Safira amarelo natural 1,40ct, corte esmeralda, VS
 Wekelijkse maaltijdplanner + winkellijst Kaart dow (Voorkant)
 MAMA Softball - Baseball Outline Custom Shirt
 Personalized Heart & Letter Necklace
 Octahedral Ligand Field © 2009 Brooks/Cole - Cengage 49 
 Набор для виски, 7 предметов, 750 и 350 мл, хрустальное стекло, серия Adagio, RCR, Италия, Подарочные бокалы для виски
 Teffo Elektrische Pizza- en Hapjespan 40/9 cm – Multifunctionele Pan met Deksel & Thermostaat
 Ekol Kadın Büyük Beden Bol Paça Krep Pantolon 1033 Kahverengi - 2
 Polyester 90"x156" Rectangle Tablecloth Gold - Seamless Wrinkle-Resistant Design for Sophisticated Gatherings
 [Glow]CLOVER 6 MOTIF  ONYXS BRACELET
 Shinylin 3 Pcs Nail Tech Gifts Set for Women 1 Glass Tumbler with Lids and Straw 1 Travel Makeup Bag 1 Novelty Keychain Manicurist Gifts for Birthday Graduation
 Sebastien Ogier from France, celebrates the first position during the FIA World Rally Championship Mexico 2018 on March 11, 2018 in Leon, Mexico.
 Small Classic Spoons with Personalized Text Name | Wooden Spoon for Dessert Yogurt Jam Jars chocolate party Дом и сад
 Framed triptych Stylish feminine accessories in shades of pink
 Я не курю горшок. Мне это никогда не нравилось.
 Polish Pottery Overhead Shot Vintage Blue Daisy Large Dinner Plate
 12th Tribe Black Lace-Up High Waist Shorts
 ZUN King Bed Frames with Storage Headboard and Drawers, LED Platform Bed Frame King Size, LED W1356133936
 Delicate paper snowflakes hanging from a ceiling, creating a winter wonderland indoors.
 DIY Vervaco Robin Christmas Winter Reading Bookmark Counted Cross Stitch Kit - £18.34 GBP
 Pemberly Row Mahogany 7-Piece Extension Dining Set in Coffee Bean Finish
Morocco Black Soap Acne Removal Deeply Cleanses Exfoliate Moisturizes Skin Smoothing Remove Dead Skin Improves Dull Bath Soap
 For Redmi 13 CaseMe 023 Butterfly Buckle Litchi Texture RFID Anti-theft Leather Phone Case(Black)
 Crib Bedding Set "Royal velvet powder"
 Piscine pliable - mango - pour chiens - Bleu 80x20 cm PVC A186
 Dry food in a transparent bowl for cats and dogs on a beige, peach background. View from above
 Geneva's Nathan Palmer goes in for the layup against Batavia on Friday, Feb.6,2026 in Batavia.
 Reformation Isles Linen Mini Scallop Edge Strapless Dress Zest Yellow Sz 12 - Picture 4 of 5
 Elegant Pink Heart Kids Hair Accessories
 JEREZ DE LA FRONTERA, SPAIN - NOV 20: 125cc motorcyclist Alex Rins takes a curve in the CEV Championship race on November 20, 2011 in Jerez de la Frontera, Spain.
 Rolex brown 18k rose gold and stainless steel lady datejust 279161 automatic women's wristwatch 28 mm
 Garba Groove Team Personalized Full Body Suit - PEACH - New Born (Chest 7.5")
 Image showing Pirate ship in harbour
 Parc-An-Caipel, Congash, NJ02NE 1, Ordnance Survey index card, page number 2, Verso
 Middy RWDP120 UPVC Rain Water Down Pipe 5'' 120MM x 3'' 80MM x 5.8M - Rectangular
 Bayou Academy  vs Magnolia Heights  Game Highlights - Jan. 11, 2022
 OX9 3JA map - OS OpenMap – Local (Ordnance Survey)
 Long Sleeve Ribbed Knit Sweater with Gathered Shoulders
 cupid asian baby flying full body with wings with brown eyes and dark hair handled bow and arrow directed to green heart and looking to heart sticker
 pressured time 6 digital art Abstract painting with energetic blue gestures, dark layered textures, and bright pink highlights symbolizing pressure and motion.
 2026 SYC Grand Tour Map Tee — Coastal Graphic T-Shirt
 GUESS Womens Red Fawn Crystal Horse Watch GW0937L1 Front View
******
§ ACTION ITEM: There is a run of lines above from the one with "Polish Pottery Overhead" to the one with "Morocco Black Soap"; print exactly that run, both ends included, and nothing else.

§ SOLUTION TO THIS TASK:
 Polish Pottery Overhead Shot Vintage Blue Daisy Large Dinner Plate
 12th Tribe Black Lace-Up High Waist Shorts
 ZUN King Bed Frames with Storage Headboard and Drawers, LED Platform Bed Frame King Size, LED W1356133936
 Delicate paper snowflakes hanging from a ceiling, creating a winter wonderland indoors.
 DIY Vervaco Robin Christmas Winter Reading Bookmark Counted Cross Stitch Kit - £18.34 GBP
 Pemberly Row Mahogany 7-Piece Extension Dining Set in Coffee Bean Finish
Morocco Black Soap Acne Removal Deeply Cleanses Exfoliate Moisturizes Skin Smoothing Remove Dead Skin Improves Dull Bath Soap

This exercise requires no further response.